ALAN: Assembly Line Adaptive Netbot (ALAN):
A Practical Robot for Industry ?

Concept Sketch by Ken Goldberg (January 2009)

This note describes a concept tentatively called ALAN: Assembly-Line Adaptive Netbot, a proposed practical robot system for applications in manufacturing, material handling, and food production that is emerging from discussions between leaders from industry and academic research.

1) Industry expert report that the major obstacle to use of robots is the collateral costs and time required to design and create "robot compatible" environments with feeders, fixtures, lighting, sensors, etc. These costs can exceed the cost of robot arms by a factor of 2x-10x.

2) Consider a hypothetical alternative: the ALAN, Assembly-Line Adaptive Netbot: a practical robot system with the approx. form-factor and basic manipulation ability of a human worker (two arms, some sensing). ALAN need not be "humanoid" in appearance, but is designed to be quickly installed in unmodified factory environments and rapidly "trained" using vision and local tele-operation to perform a given repetitive manipulation task. ALANs may have access to CAD models of parts. Once trained at a particular task, ALANs can store this information online for future access. ALANs would use machine learning to improve performance at any task over time and will be connected to the network to share data and call for human assistance when necessary.

3) ALANs would have human-safe features and so could be co-located with people without requiring changes to existing environments and would allow industry to adopt robots in stages over time. Industry experts say that such a robot at a cost of $100K would be appealing and have a payback period of less than two years.
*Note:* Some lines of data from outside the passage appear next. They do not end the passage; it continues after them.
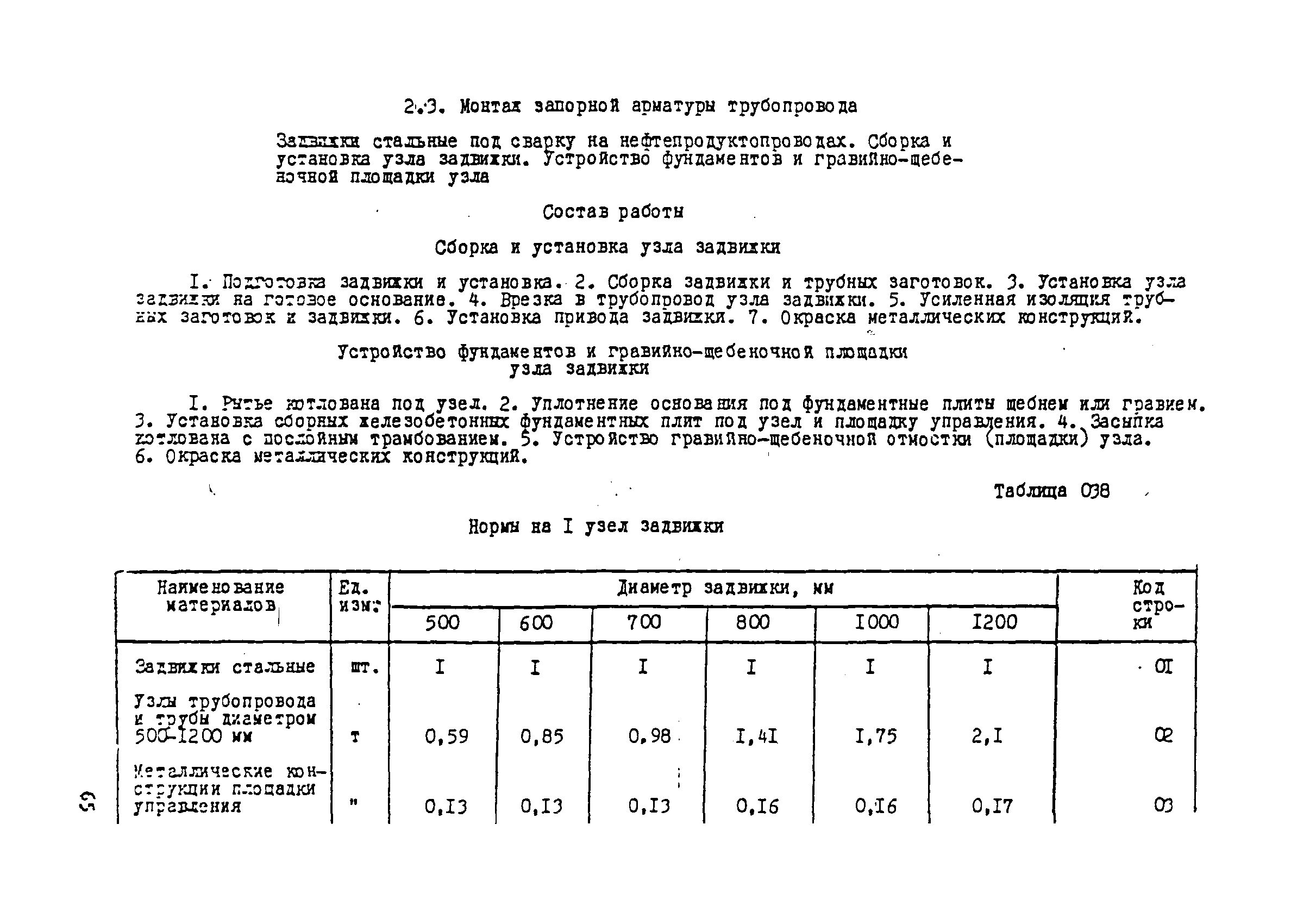 ВСН 181-85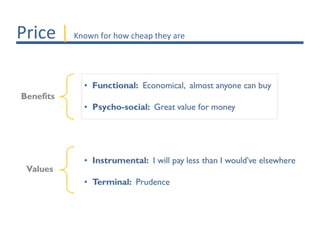 Price | Known for how cheap they are
 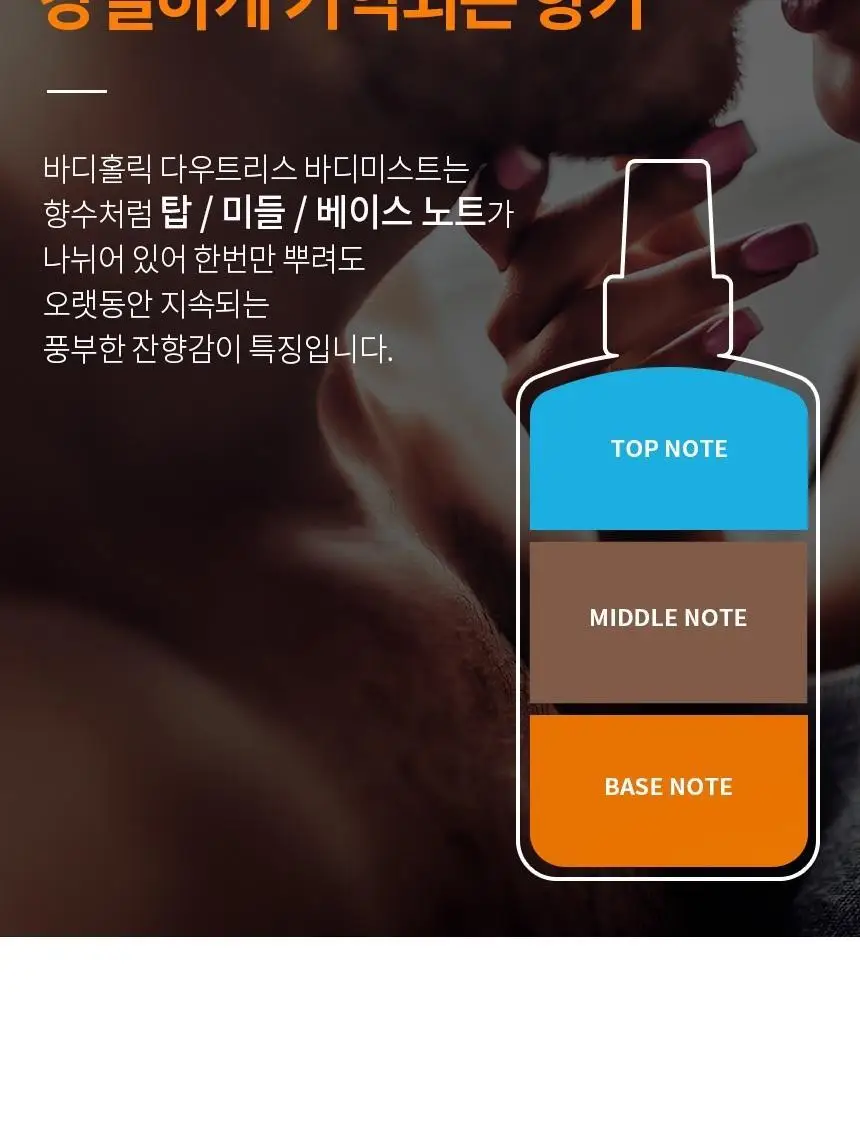 바디홀릭 다우트리스 헤어&바디미스트 상세페이지 19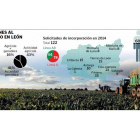 <br />(Click sobre la imagen para ampliar).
4) ALANs could build on emerging advances in robot learning, statistical pattern recognition, laser range sensors, algorithmic automation methods.

To achieve this goal, research is needed in robot learning, robust manipulation, machine vision, mechanical modeling, motion planning, and related subfields.

A relatively low-cost hardware platform would allow research groups to evaluate experimentats and share results.